Algorithmic learners usually get better with practice, that is, the more examples you give them, the better they get at discriminating between classes. Notice the ``usually'' -- there are several phenomenon that can begin to occur if you give too much (or more particularly, too much noisy) data. One of the most common is over-fitting of the data. If too many samples are given, learners will develop very constrained concepts -- too constrained -- so that anything that does not match the concept fairly closely is not accepted as a member of that concept.
Various approaches exist for handling the problem that is adapted for each of the algorithms, for example with symbolic decision tree learners, the tree is ``pruned'' of nodes in the tree which do not perform well or do not generalise. In instance based learning, there are also ways of culling the instances, such as IBL3.

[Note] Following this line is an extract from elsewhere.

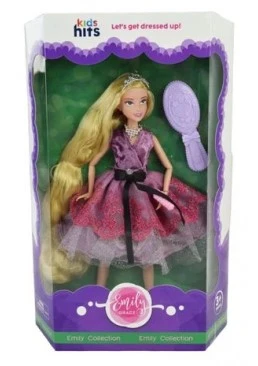 Кукла Kids Hits Emily Romantic в коробке (KH23/016)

Still, it is logical that if we have more samples of a sign that the error rate will fall, because the more samples that any learning algorithm has, the better the concept description that it is able to develop.

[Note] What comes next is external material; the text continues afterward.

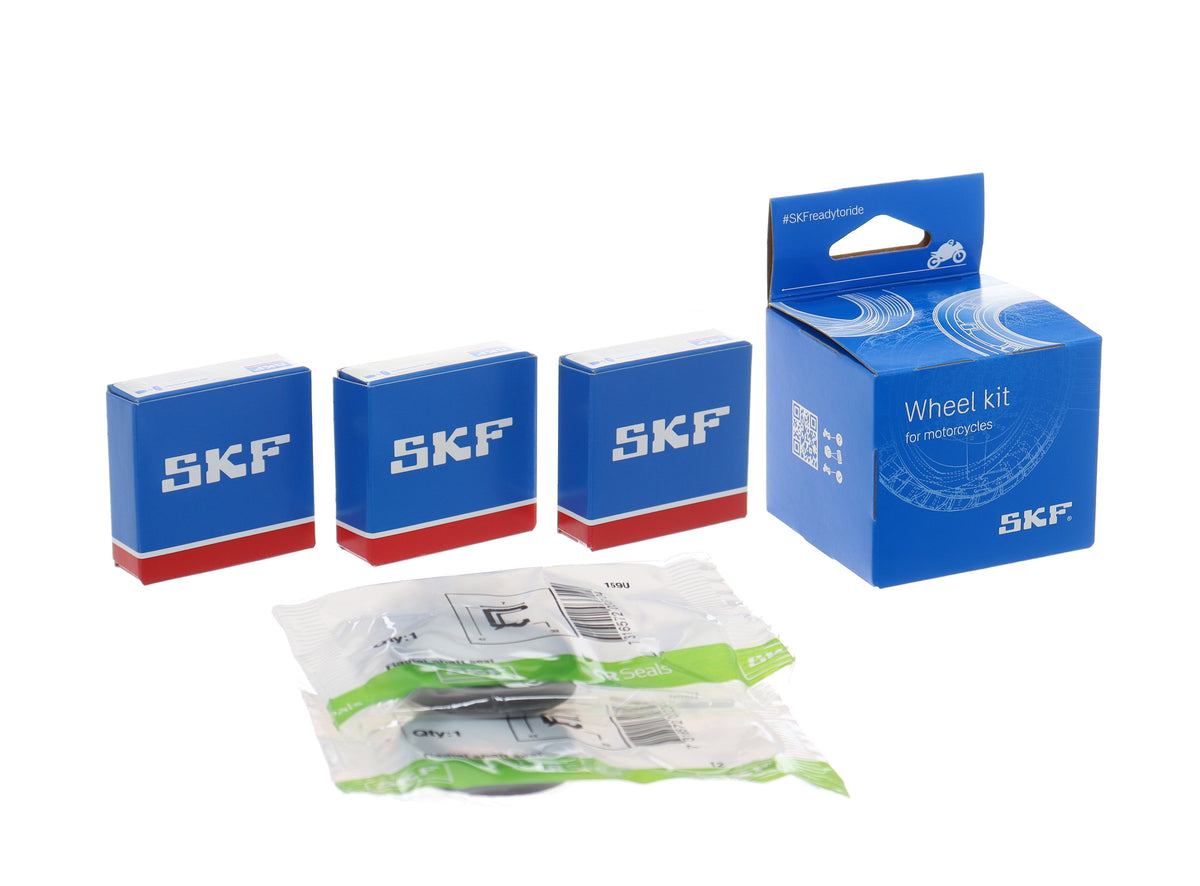 Wheel Bearing/Seal Kit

To test the impact that changing the number of training instances has
on the error rate, we tested each of the three large data sets with an
increasing number of training instances for each sign -- from 2
instances for each sign up to 14 with an increment of 2. The training
examples used were selected at random. The remainder of the data-set
was used for testing
.
The results are shown in figure 6.1. As can be seen, there is a decrease in the error rate as the number of samples per sign increases. This effect, as we would expect, tapers off, since the first few signs learnt help a great deal, but subsequent signs only help a little more.
Figure 6.1: The effect that the number of samples has on
the error rate.
A logarithmic relationship was hypothesised. So the graph was re-plotted with a logarithmic axis (figure 6.2).
Figure 6.2: The effect of the number of samples on the
error rate, this time with a logarithmic x-axis.
From the appearance of the above, there seems to be strong support for the hypothesis that a logarithmic relationship exists between the number of samples per sign and the error rate.
Also note that C4.5 does not appear to learn significantly faster than IBL. In figure 6.2, C4.5 does not appear to have a steeper gradient than IBL or vice versa. It indicates the number of samples per sign does not alter the relationship between the error rates of C4.5 and IBL even over a long period. It might have been, for example, that C4.5 would have been a better choice in the long term, because of the (negatively) steeper gradient. This hypothesis, however, is not supported by the data.